BEIJING -- September data will show an improvement in China's real economic activity, albeit a modest one, Wang Tao, chief China economist with UBS, has forecast.
August's unfavorable base effect should have worn off in September, as PMIs for the month suggest stabilization in manufacturing activity, she said in a research note on Friday.
Both official and HSBC PMIs were unchanged from August. The manufacturing purchasing manager's index (PMI) remained at 51.1 in September.
Along with PMI stabilization, power use picked up in the first 20 days in September, indicating industrial production growth might improve from August's 6.9 percent, a 5.5 year low, she said.
September's exports may also improve as the US recovery looks firm enough to underpin demand for Chinese products, she said.
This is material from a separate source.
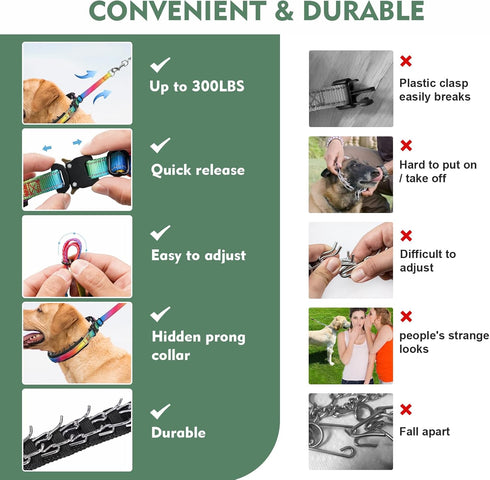 Martingale Collar for Dog, No Pull Walking Training Collar, Adjustable Tactical with Heavy Duty Metal Buckle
The PMI sub-index for new export orders rose 0.2 to 50.2 in September.
"We see China's exports picking up to a pace of 14 percent year on year in September, boosted in part by last year's low base," she said.
Given August's deceleration, such a modest September rebound will not prevent GDP growth from further decelerating to 7.1 percent year on year, compared to 7.5 percent in the second quarter, she forecast.
She said that fixed asset investment is still expected to be weighed down by the property downturn even though most cities had relaxed their home purchase restrictions.
She predicted faltering domestic demand and softening inflation would prompt more policy easing, including a lowering of first mortgage down payment requirements, acceleration of key infrastructure projects, and stronger push through of growth-friendly reform.
To boost the property market, the People's Bank of China and the China Banking Regulatory Commission on Tuesday announced relaxation of lending policy to boost purchases of second homes.